The Office of Hawaiian Affairs (OHA) Budget and Finance Committee on Oct. 15, 2025 approved a series of event sponsorship requests from Hawaiian cultural and community organizations for events scheduled in early 2026, while deferring one application for additional vetting.
Committee members heard in-person and virtual testimony from representatives of community organizations and considered staff recommendations before voting. Trustees repeatedly emphasized cultural value and community impact when supporting requests and asked administration to track the outreach and in-kind benefits OHA receives for its sponsorships.
The committee approved sponsorship requests that included cultural festivals, Makahiki events, a Brighter Futures Gala fundraiser and a 5K language event. Testimony described events as intergenerational cultural gatherings, school partnerships and fundraisers for homelessness services and local stewardship. Several testifiers described programming that involved schools, kupuna and cultural practitioners and emphasized the role of the events in language and cultural continuity.
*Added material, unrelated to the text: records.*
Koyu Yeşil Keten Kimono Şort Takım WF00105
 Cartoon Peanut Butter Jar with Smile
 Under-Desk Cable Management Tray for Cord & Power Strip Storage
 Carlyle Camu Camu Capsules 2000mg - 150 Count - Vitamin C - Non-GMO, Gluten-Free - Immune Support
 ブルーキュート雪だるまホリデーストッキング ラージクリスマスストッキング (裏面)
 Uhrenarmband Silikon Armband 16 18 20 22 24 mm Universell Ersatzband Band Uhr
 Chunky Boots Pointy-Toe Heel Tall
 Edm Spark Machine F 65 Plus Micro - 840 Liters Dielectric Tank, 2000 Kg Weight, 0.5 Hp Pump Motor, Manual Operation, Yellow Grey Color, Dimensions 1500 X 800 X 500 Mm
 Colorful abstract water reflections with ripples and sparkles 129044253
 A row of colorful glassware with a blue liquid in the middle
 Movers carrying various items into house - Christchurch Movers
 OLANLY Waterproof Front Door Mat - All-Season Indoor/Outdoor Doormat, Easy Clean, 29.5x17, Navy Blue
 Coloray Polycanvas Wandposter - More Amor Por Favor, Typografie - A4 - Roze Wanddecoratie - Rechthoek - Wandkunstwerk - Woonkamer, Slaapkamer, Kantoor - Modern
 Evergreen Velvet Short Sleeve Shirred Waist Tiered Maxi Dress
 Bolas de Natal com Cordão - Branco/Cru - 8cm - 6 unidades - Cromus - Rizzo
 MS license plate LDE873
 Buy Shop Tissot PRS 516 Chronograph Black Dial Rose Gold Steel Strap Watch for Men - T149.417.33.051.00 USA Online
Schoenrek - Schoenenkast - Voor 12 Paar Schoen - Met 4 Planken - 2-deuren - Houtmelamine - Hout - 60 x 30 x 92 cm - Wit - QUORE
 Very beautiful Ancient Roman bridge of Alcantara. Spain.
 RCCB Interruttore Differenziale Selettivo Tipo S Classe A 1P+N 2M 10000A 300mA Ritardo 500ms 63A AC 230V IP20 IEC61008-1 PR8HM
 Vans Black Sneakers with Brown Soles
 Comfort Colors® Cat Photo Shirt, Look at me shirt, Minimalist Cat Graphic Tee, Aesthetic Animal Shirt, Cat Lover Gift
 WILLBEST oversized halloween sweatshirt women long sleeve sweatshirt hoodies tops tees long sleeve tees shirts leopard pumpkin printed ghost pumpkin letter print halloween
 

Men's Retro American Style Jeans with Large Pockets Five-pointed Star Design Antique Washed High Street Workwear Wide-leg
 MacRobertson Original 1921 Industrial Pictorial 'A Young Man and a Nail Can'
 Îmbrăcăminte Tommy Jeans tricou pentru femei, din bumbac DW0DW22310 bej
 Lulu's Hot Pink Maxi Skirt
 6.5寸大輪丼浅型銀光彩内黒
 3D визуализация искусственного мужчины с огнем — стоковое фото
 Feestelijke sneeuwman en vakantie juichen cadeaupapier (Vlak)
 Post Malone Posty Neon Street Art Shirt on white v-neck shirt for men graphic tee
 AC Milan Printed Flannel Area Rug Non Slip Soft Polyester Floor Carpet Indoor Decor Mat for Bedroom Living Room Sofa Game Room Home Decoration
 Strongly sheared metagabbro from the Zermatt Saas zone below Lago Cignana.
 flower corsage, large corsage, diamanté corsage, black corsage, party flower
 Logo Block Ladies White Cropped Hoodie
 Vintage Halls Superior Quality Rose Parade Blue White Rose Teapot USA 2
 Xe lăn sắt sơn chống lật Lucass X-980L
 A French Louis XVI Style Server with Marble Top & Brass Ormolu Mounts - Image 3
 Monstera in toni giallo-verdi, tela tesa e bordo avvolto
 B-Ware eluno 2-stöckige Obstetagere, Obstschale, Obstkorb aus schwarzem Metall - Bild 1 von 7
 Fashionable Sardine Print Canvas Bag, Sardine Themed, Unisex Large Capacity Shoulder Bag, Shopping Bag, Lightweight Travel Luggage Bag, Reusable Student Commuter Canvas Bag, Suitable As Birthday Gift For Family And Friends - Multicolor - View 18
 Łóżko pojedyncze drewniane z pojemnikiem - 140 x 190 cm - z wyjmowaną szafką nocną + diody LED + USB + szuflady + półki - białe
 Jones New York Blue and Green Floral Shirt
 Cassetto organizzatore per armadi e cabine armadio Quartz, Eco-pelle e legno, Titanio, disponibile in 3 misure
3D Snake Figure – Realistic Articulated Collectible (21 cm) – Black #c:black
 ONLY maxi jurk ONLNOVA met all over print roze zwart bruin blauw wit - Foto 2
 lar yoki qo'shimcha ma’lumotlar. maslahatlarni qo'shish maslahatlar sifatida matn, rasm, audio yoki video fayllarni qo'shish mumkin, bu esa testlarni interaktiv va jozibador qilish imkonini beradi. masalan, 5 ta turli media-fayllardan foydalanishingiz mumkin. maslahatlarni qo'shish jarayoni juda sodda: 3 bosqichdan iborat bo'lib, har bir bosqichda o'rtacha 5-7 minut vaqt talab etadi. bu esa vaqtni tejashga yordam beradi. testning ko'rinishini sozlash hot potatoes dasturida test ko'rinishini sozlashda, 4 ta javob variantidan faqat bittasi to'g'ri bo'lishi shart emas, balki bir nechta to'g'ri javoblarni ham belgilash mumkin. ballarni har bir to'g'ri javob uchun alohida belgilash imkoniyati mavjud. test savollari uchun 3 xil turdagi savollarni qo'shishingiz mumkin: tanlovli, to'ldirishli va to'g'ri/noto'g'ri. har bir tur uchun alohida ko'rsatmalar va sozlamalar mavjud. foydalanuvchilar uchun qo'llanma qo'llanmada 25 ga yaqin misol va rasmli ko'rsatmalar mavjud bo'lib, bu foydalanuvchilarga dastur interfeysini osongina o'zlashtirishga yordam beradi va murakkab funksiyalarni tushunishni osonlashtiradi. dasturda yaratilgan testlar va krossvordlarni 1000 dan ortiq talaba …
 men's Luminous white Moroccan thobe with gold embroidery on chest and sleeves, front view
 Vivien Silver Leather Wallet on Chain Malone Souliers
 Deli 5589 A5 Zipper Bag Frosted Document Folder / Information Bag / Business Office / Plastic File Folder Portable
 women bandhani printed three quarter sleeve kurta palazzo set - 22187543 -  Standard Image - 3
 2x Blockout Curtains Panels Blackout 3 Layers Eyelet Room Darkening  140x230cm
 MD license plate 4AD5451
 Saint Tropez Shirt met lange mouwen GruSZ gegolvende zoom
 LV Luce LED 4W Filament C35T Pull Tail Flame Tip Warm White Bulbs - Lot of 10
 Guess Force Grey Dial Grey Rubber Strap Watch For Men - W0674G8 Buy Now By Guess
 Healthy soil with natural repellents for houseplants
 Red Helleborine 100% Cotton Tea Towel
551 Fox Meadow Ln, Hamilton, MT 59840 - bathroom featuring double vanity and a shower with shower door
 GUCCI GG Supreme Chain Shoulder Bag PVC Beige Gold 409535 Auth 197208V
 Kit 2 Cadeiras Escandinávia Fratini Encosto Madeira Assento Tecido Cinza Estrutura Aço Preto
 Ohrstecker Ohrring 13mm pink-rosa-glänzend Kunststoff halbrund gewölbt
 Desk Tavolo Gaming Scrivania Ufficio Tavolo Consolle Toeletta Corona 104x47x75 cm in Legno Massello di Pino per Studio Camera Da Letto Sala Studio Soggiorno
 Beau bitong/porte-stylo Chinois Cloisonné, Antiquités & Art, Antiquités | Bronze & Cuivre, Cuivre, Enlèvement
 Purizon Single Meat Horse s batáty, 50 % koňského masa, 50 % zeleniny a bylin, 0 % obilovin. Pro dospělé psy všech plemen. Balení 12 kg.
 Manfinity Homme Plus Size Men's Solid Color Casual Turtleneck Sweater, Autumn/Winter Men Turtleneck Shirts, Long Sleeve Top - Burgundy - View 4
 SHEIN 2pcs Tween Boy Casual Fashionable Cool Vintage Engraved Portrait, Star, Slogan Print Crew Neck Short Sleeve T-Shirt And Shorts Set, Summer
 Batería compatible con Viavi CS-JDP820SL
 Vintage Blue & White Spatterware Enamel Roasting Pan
The committee deferred one application — a local Makahiki event that had scored just below thresholds for higher funding — asking staff to bring updated scoring and administrative recommendations to the Oct. 29 committee meeting so trustees could consider a larger award. Trustees also requested staff produce a simple tracking spreadsheet listing each sponsored event, the in-kind benefits (tables, speaking slots, logo placement), and recommended OHA representatives so the agency can better realize the outreach value tied to each sponsorship.
Votes at a glance
- BF25-86: Kamalakai Makahiki Inc., “Ka Molokai Makahiki 2026,” Jan. 22–24, 2026 — requested $11,250; approved after testimony from Dr. Pula Malima, board president of Kamalakai Makahiki.
- BF25-87: Learning Center / Makahiki Makapole, Jan. 31, 2026 — requested $5,500; deferred to Oct. 29, 2025 for re-scoring and additional justification (trustees asked staff for updated evaluation forms).
- BF25-88: The Kohala Center Inc., “La Kalo” (Molokai), Jan. 31, 2026 — requested $11,250; approved following testimony describing native food-forest and cultural stewardship activities.
- BF25-89: Family Promise of Hawai‘i, “Brighter Futures Gala,” Feb. 12, 2026 — requested $10,000; approved. Family Promise clarified the gala is a donor fundraiser; the organization agreed to add an opportunity for an OHA speaker.
- BF25-90: Pacific Whale Foundation, “Mālama I Nā Kohala” (Feb. 2026) — requested $7,000; approved. The foundation described research, education and community engagement components.
- BF25-91: OLA (Ola 5K), Feb. 22, 2026 — requested $10,000; approved after testimony on language-normalization goals and community immersion activities for Hawaiian Language Month.
- BF25-92: Nurture Cultivate Inc., “Panina Makahiki,” Feb. 28, 2026 — requested $15,000; approved. Testimony described Hawaiian-language immersion activities and cultural practitioners participating at Turtle Bay.
- BF25-93: Friends of King Kaumuali‘i, “Honoring Ancestors and Planting the Future,” Mar. 6–1?, 2026 — requested $14,400; approved. Testimony described community healing, resource tables and native plant restoration at Pa‘ula‘ula (Fort Elizabeth) sites on Kaua‘i.
- BF25-94: Hoʻʻolehua Homesteaders Association, Prince Kūhiō play and lu‘au (Moloka‘i), Mar. 14, 2026 — requested $5,000; approved.
- BF25-95: Wai‘anae Coast Community Foundation, Prince Kūhiō Kalani‘ōpu‘u Festival, Mar. 21, 2026 — requested $15,000; approved.
Why it matters
The sponsorships fund gatherings that trustees and presenters said support cultural continuity, community cohesion and locally rooted services (such as homelessness prevention and environmental education). Trustees asked staff to document the specific public-facing deliverables (speaking slots, tables, logo usage, registration tables) so OHA can track the agency’s visibility and outreach benefits tied to each monetary award.
What trustees asked staff to do next
Trustees requested that grants and community-engagement staff: (1) deliver updated scoring sheets for any deferred items by Oct. 29, (2) prepare a living spreadsheet that lists each sponsored event, the exact in-kind deliverables requested and promised by recipients and (3) propose a plan to allocate trustee or staff representation at selected events so OHA’s presence is consistent with sponsorship commitments.
Evidence supporting this report
Committee discussion and the reader for BF25-86 opened the sponsorship series; multiple community testifiers provided testimony across the subsequent agenda items, and the final trustee remarks summarized the sponsorship package before the committee moved on to other agenda items.